Top of TASK INPUT
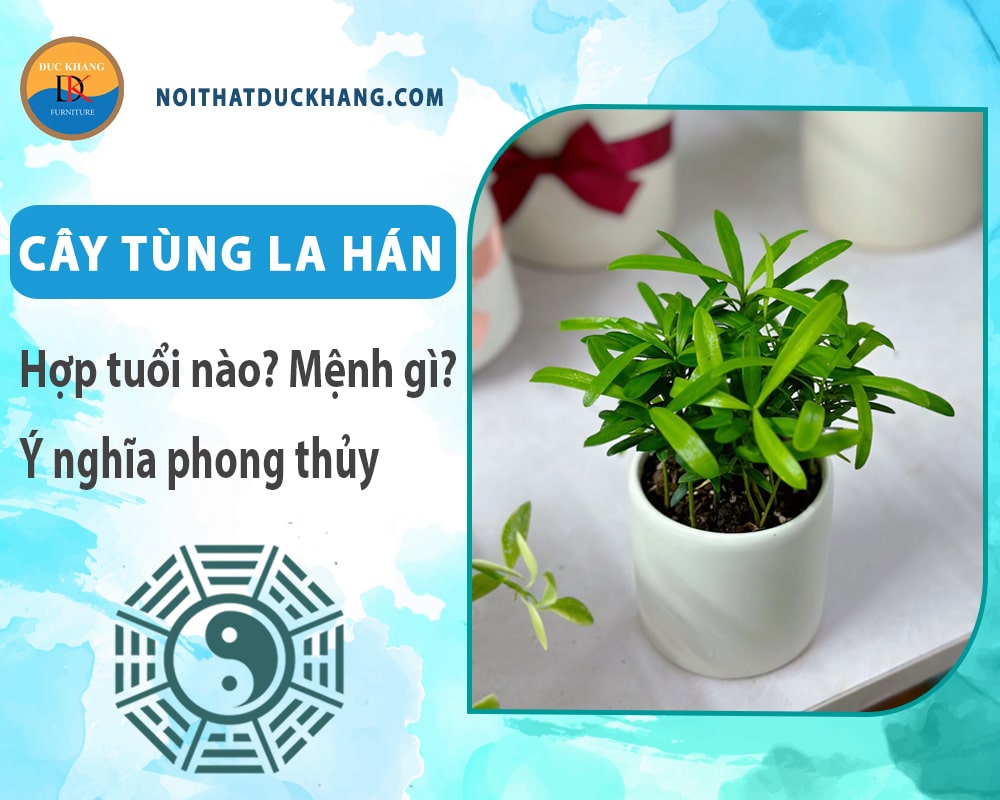 Cây tùng la hán hợp tuổi nào? Mệnh gì? Ý nghĩa phong thủy?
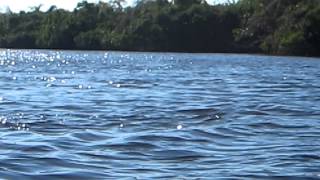 preview picture of video 'Orange River FL Manatees'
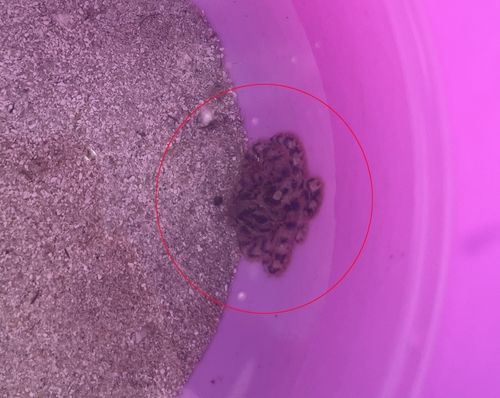 1일 제주 앞바다에서 발견된 파란고리문어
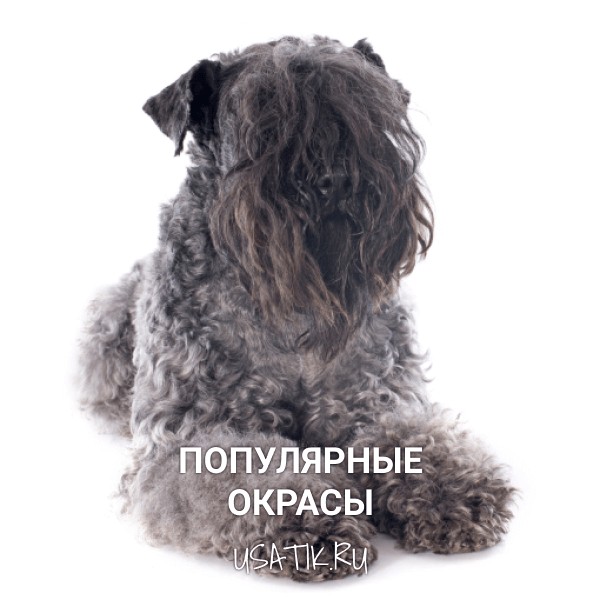 Популярные окрасы керри-блю-терьеров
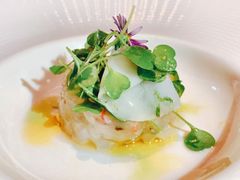 -蝶舍·MAISON PAPILLON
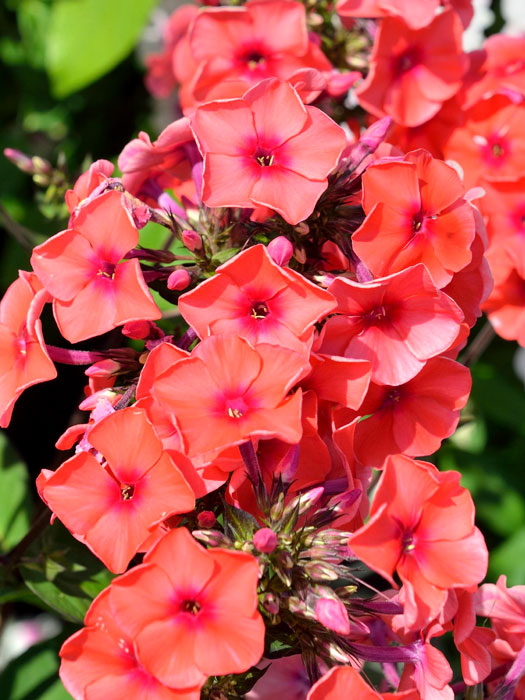 phlox-orange Phlox paniculata 'Orange' (M), Flammenblume, Sommerphlox
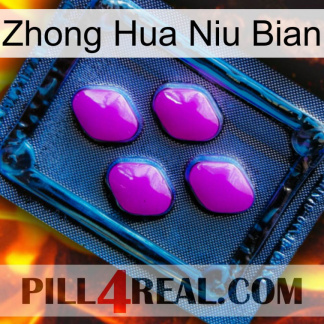 Zhong Hua Niu Bian 04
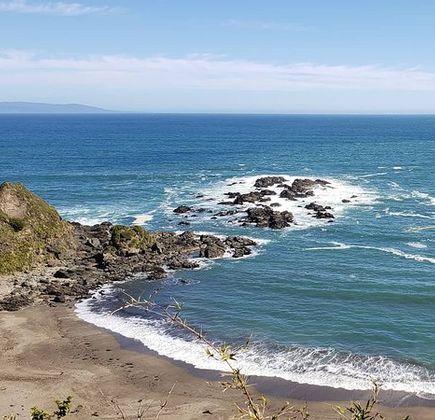 Reserva Punta Curinanco 1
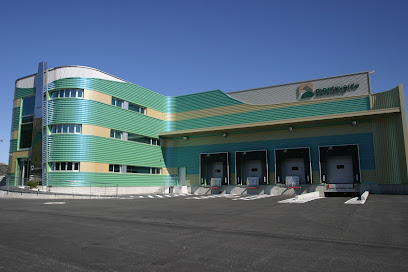 Monteverde - portada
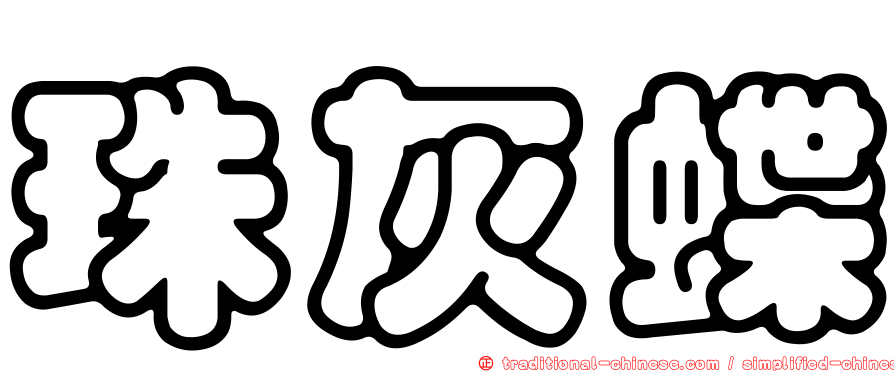 珠灰蝶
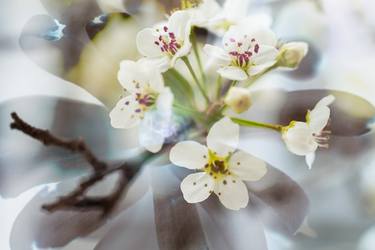 Original Conceptual Floral Photography by Robert A Ripps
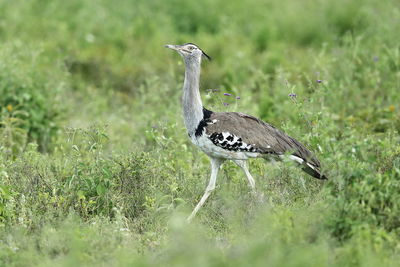 Side view of a bird on a field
Bottom of TASK INPUT
Print every line above exactly as given, but not the pictures.

 Cây tùng la hán hợp tuổi nào? Mệnh gì? Ý nghĩa phong thủy?
 preview picture of video 'Orange River FL Manatees'
 1일 제주 앞바다에서 발견된 파란고리문어
 Популярные окрасы керри-блю-терьеров
 -蝶舍·MAISON PAPILLON
 phlox-orange Phlox paniculata 'Orange' (M), Flammenblume, Sommerphlox
 Zhong Hua Niu Bian 04
 Reserva Punta Curinanco 1
 Monteverde - portada
 珠灰蝶
 Original Conceptual Floral Photography by Robert A Ripps
 Side view of a bird on a field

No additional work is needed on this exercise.